▶ _Required action_
All pictures are to be dropped, and the remaining data set down exactly.

--- Recorded data Enclosed Below ---

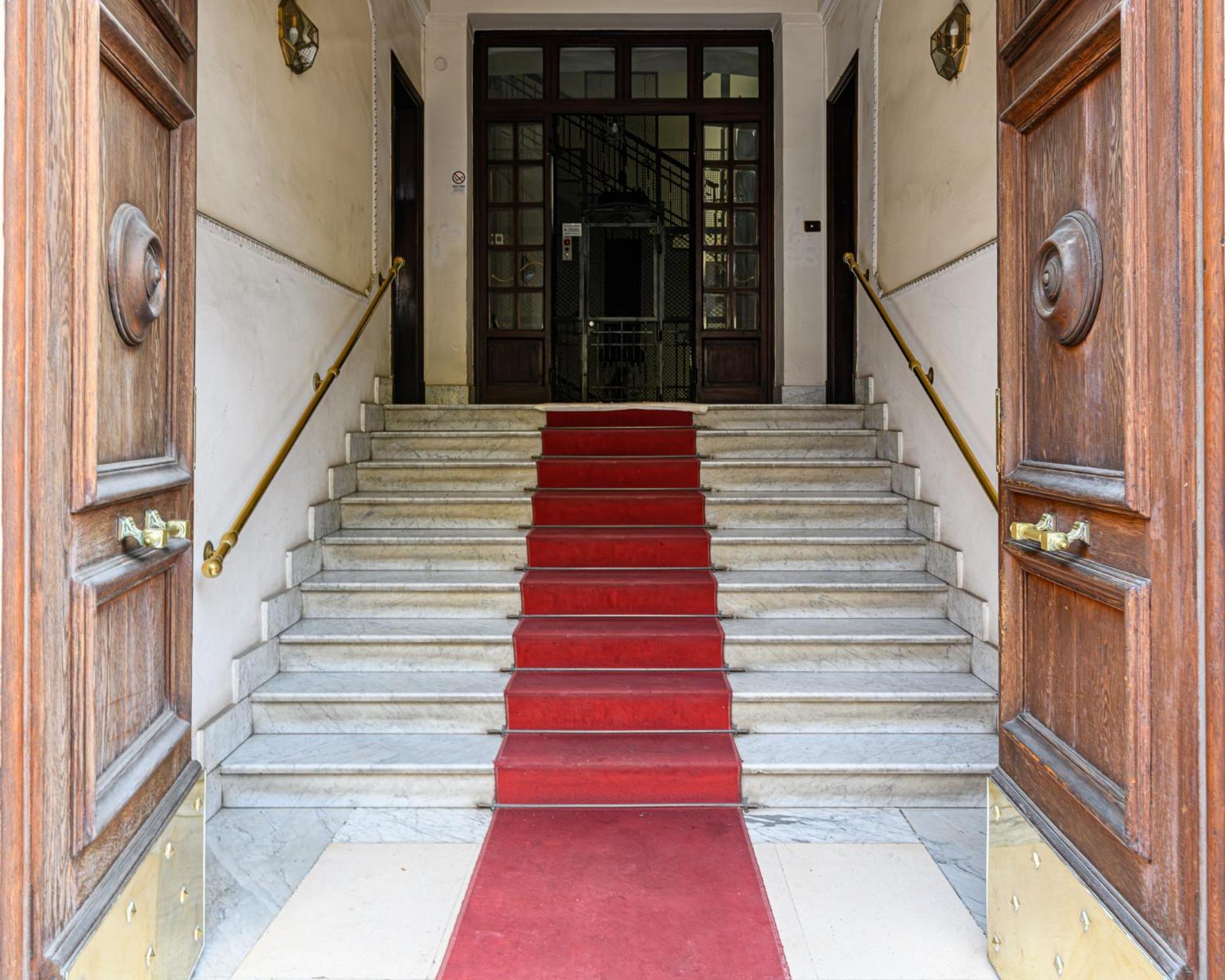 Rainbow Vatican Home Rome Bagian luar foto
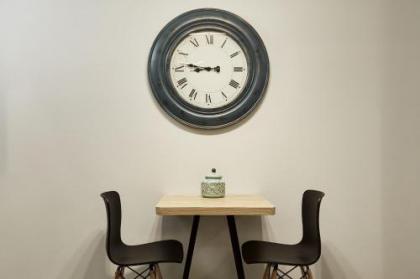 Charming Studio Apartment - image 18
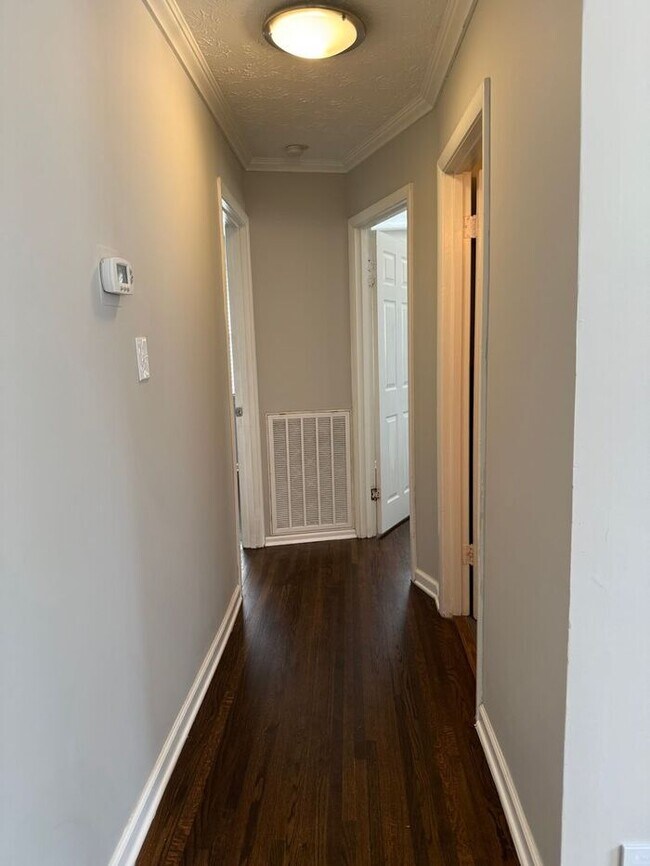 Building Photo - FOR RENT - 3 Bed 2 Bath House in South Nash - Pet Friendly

--- End of Enclosed Recorded data ---

▶ _Worked solution_
 Rainbow Vatican Home Rome Bagian luar foto
 Charming Studio Apartment - image 18
 Building Photo - FOR RENT - 3 Bed 2 Bath House in South Nash - Pet Friendly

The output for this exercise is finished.